§ **Work request**: Report the count of lines with "Engine" in the data below, and no other words.

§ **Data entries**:
####
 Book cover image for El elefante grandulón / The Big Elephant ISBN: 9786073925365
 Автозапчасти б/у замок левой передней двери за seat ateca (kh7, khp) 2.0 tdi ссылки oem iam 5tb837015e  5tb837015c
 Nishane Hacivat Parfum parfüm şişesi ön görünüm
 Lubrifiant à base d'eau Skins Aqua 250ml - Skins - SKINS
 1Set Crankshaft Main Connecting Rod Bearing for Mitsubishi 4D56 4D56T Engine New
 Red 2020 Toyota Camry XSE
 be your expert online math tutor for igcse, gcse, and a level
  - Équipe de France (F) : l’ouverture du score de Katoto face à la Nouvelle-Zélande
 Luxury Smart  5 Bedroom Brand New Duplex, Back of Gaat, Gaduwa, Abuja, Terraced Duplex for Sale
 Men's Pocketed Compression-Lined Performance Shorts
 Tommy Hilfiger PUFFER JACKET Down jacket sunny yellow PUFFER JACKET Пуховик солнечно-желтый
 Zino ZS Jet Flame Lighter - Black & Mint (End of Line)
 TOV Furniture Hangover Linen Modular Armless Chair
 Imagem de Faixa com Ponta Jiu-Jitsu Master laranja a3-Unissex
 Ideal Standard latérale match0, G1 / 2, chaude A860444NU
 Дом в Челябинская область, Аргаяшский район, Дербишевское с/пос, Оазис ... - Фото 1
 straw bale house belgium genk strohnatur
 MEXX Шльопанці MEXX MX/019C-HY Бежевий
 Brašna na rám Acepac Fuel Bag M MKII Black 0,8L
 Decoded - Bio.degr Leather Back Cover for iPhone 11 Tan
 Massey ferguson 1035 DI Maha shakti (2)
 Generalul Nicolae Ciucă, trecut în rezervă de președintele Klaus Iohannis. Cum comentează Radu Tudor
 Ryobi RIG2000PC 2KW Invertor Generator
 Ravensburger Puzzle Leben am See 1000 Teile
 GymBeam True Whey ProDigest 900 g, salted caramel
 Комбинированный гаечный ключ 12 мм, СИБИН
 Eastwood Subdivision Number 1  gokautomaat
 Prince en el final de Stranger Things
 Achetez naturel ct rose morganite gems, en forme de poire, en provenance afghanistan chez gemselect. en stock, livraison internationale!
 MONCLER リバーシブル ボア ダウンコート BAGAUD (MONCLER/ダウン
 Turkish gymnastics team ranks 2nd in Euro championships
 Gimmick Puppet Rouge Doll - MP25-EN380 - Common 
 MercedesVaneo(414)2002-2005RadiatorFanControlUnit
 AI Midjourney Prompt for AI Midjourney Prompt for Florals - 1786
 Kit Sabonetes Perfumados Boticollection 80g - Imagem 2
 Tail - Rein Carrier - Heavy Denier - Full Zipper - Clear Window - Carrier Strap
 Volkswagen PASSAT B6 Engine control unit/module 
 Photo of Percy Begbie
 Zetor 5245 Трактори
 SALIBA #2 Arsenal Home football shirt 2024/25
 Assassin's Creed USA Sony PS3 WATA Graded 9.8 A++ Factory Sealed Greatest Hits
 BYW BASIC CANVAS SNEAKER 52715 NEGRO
####
§ **Response**: 2